Using Data Science and Intelligence With Geospatial Analysis

Sorting through a considerable amount of commercial and open source satellite data to collect intelligence is a challenge for government agencies. As both public and private sector organizations gather more data, part of the goal is to better predict events and optimize processes.

These were among the topics of discussion during a presentation at Esri’s 2019 Federal GIS conference. Attendees heard from two Intelligence Officers at Geollect, a company that provides advanced geospatial analysis for agencies and businesses. While their examples dealt more with the private sector, government agencies can apply their take on data analytics and intelligence to their own endeavors.

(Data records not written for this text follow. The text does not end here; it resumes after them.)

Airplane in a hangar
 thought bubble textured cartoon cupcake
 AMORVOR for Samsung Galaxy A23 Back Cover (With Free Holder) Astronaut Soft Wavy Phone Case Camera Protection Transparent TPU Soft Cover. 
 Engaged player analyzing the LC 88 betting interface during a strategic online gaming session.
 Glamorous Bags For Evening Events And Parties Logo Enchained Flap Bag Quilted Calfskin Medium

William Hillman first presented a product that maps claims data for piracy incidents on ships. Claims can be viewed spatially and also temporally, or in terms of when those incidents occur.

“For some of our clients that work in the maritime domain, this is really important intelligence,” Hillman said. For example, insurance companies could use this data when setting premiums in high-risk areas for piracy.

Users can observe changes in data year-to-year and track social reporting of incidents in the area, too.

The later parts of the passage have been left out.